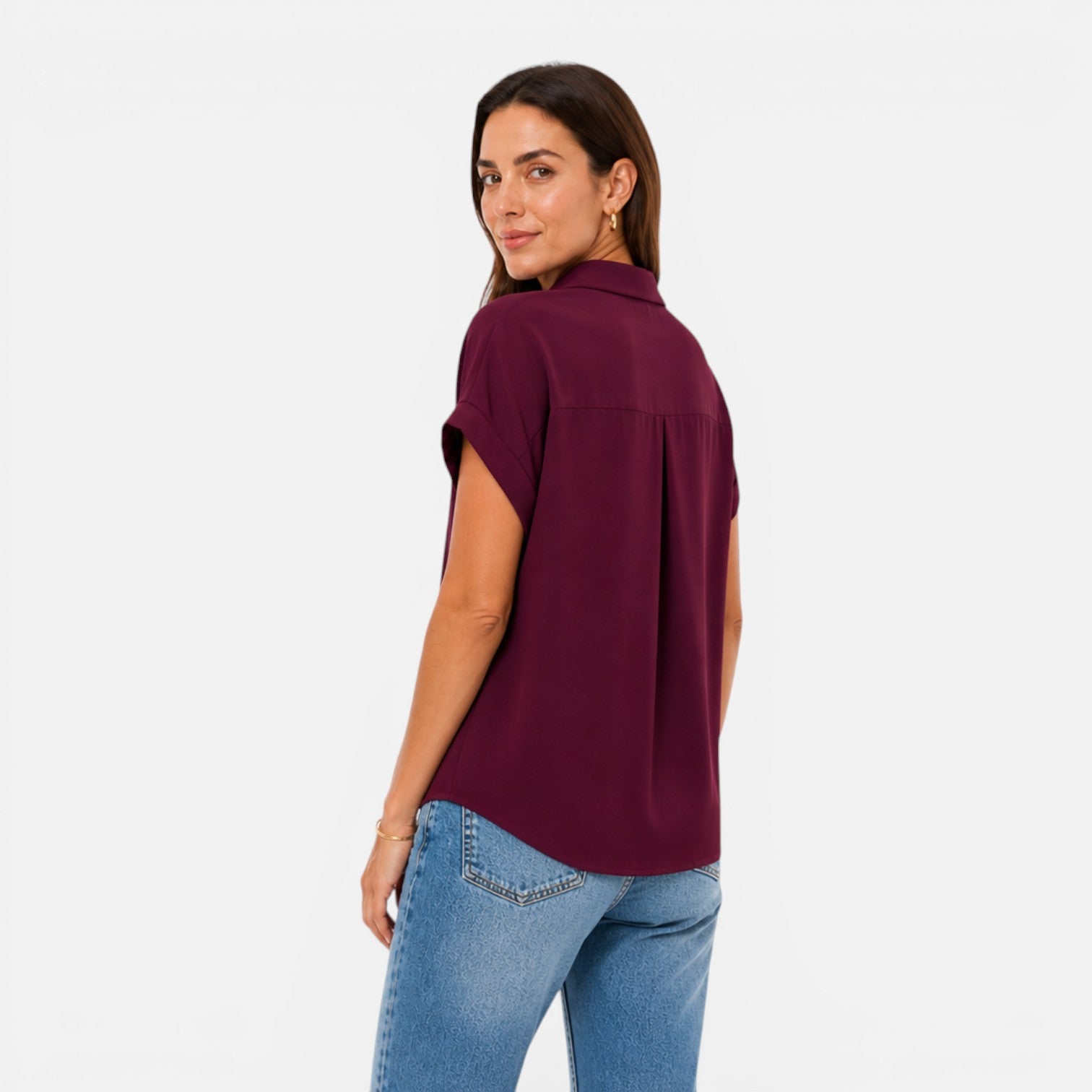Felorro | Women’s V-Neck Short Sleeve Blouse Relaxed Fit Lightweight Top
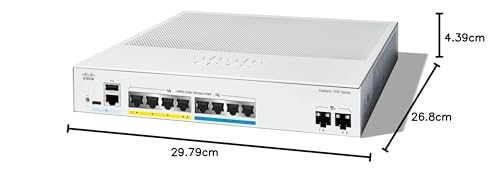 Switch gestionado Cisco Catalyst 1300-8MGP-2X, 4 Puertos GE, 4 Puertos 2,5GE, PoE, 2x10GE SFP+, protección Limitada de por Vida (C1300-8MGP-2X)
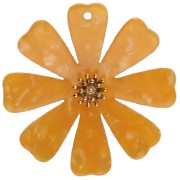 Colgantes de flor de 40 mm de acetato y acero inoxidable 304 Dorado - Naranja nacarado x2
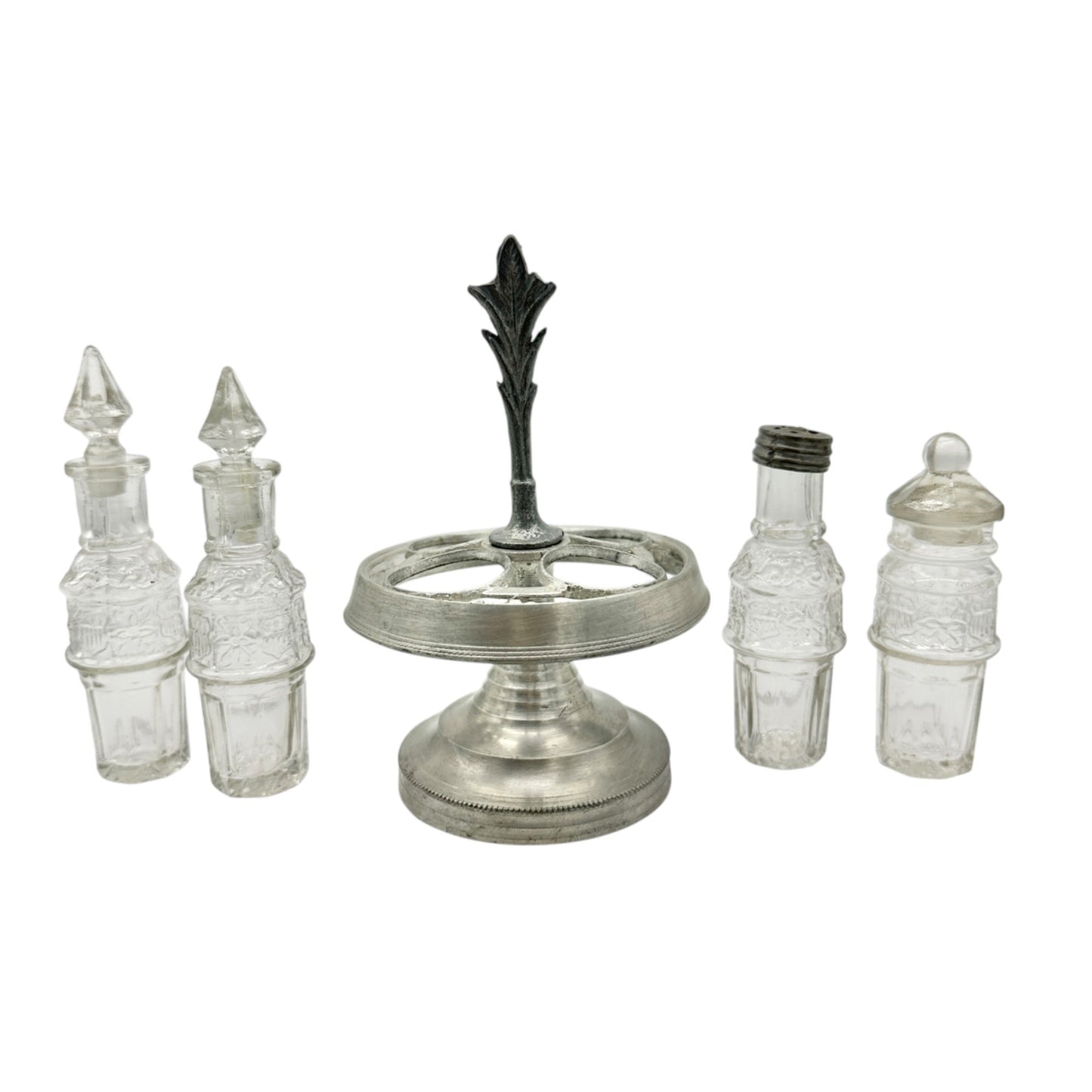 Antique Childrens Tableware Castor Cruet Set - 4 Ornate Glass Bottles and Stand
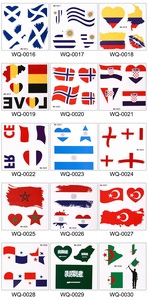 Pegatinas Impermeables con Diseño <span class=keywords><strong>de</strong></span> Banderas del Mundo, Tatuajes Temporales Ecológicos, Servicio <span class=keywords><strong>de</strong></span> Logotipo Personalizado - Product Image 2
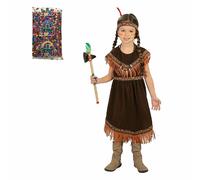 Guirca Costume da Indiana Vestito Carnevale Pellerossa Apache Redski per Bambina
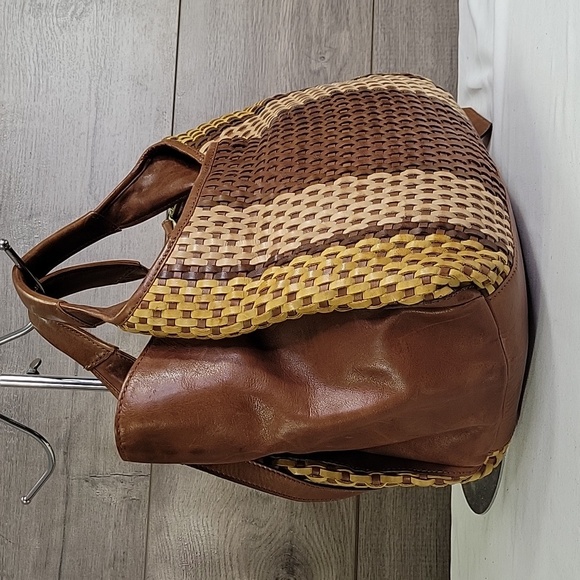Made in India Brown and Yellow Woven Leather Tote Crossbody Bag - Picture 3 of 15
☆ ☆ ☆ ☆ ☆ ☆ ☆
What is expected
The lines from the top of the data above through the one holding "Antique Childrens Tableware" are to be repeated exactly, and only those, with no pictures.

Solved exercise
Felorro | Women’s V-Neck Short Sleeve Blouse Relaxed Fit Lightweight Top
 Switch gestionado Cisco Catalyst 1300-8MGP-2X, 4 Puertos GE, 4 Puertos 2,5GE, PoE, 2x10GE SFP+, protección Limitada de por Vida (C1300-8MGP-2X)
 Colgantes de flor de 40 mm de acetato y acero inoxidable 304 Dorado - Naranja nacarado x2
 Antique Childrens Tableware Castor Cruet Set - 4 Ornate Glass Bottles and Stand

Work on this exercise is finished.